DIRECTIONS:
In the entries below, begin at the line that has "Rhinestone Post Earrings" and stop after the line that has "Japanese Yen to Algerian Dinar (JPY to DZD)"; output those lines exactly, leaving out pictures.
+++ SOURCE DATA
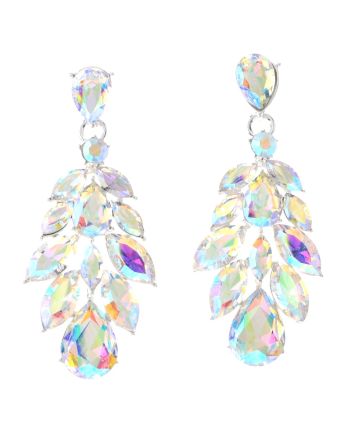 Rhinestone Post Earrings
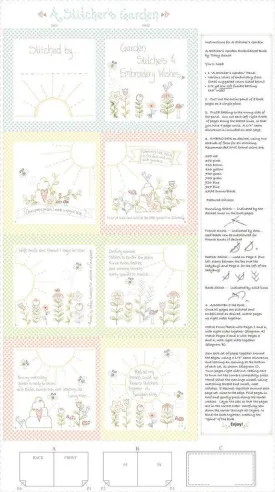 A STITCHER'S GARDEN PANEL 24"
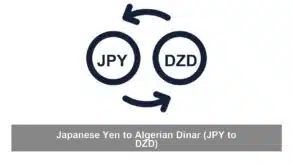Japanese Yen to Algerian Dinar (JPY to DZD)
++++++
+++ SOURCE DATA
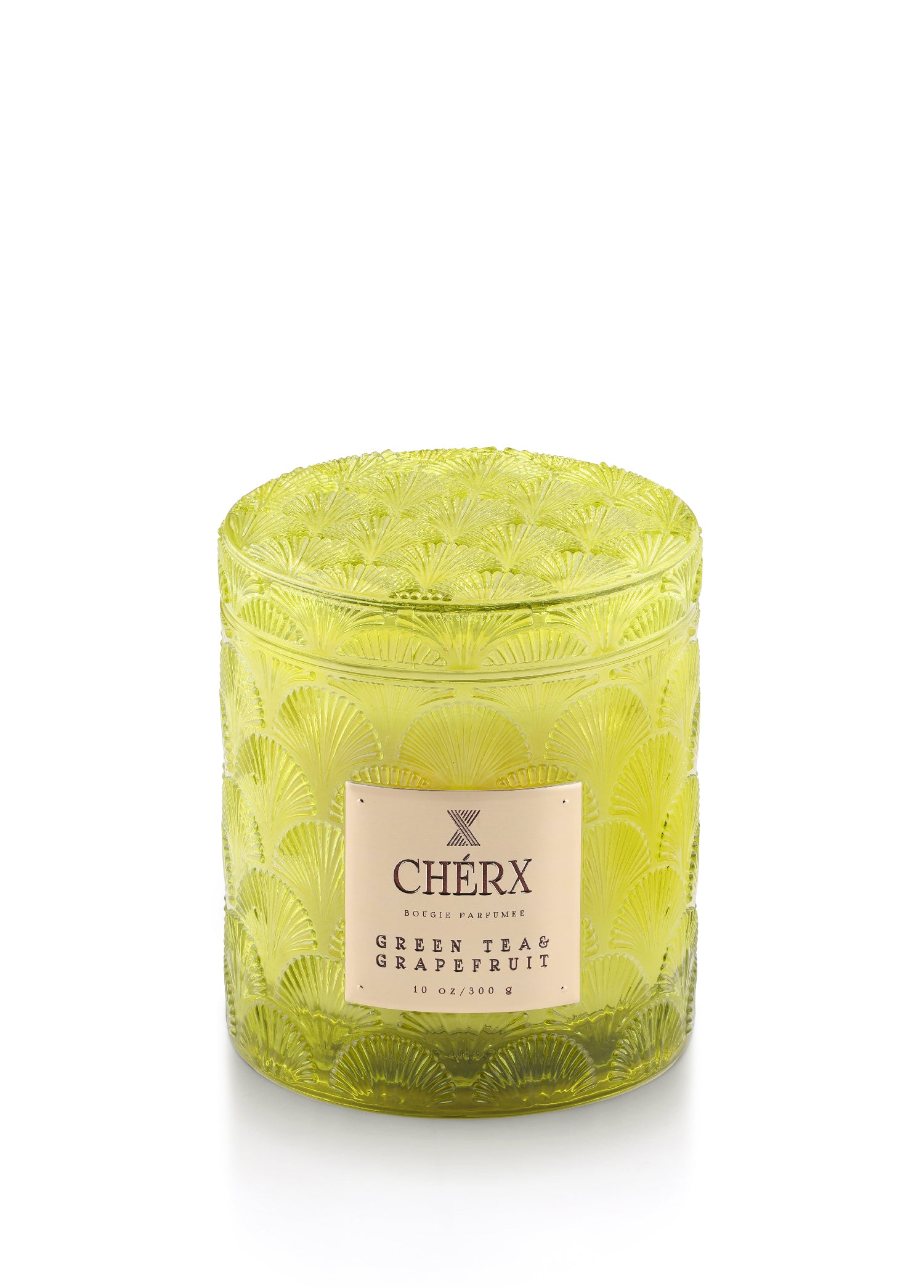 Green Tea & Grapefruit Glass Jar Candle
++++++
WRITTEN RESPONSE:
 Rhinestone Post Earrings
 A STITCHER'S GARDEN PANEL 24"
Japanese Yen to Algerian Dinar (JPY to DZD)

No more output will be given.